WORK ITEM: Only the lines from the one containing "02401F/003 Chrome Торшер" through the end of the data are wanted, reproduced exactly and without pictures.

DATA FOR ANALYSIS:
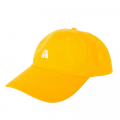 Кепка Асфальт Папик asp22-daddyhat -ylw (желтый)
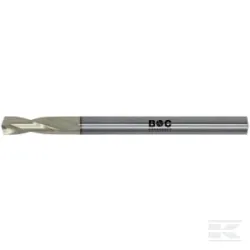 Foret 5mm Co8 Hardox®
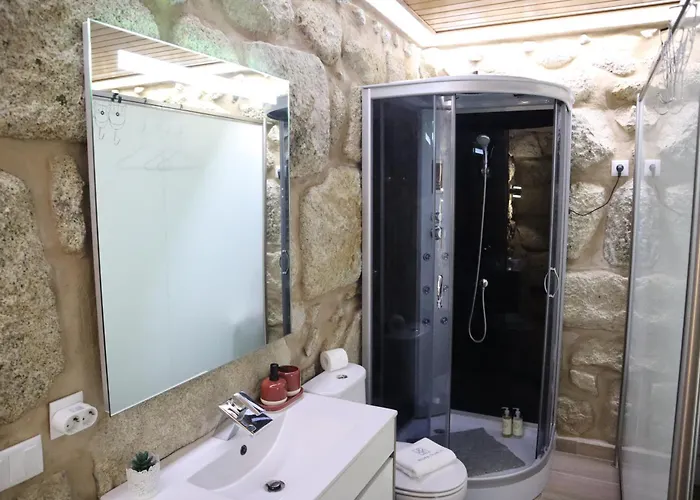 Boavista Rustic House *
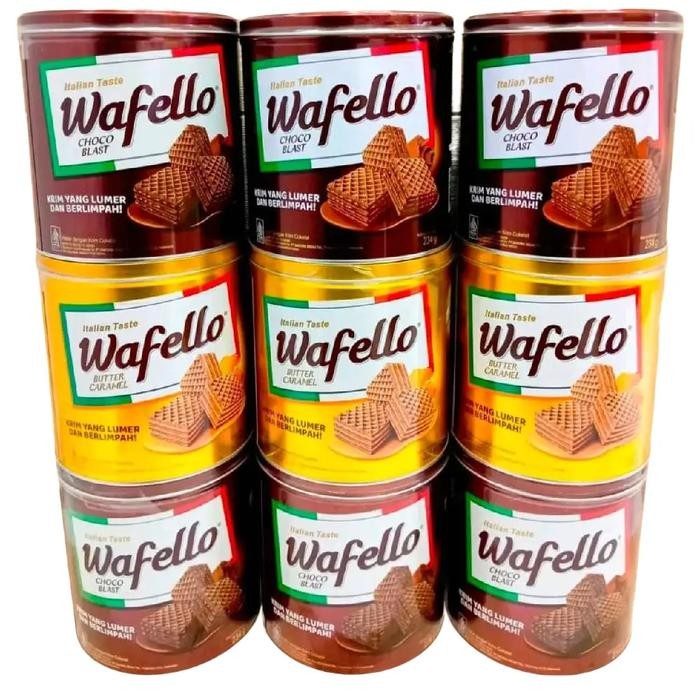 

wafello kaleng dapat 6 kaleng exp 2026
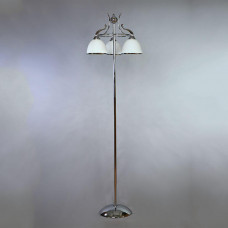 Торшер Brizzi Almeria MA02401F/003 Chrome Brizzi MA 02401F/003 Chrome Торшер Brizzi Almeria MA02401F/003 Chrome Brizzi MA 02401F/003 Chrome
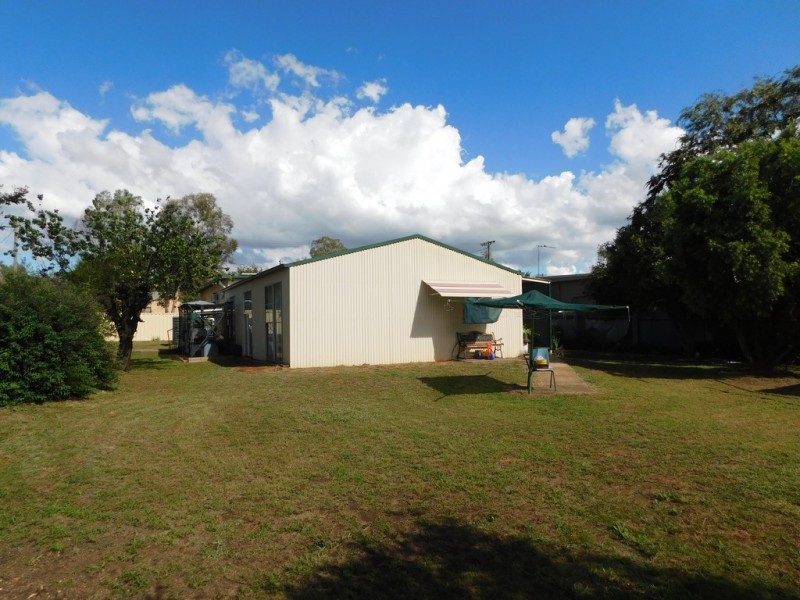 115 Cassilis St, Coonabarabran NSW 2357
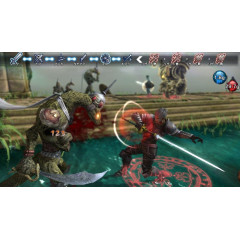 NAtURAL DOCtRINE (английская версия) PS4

EXERCISE RESULT:
 Торшер Brizzi Almeria MA02401F/003 Chrome Brizzi MA 02401F/003 Chrome Торшер Brizzi Almeria MA02401F/003 Chrome Brizzi MA 02401F/003 Chrome
 115 Cassilis St, Coonabarabran NSW 2357
 NAtURAL DOCtRINE (английская версия) PS4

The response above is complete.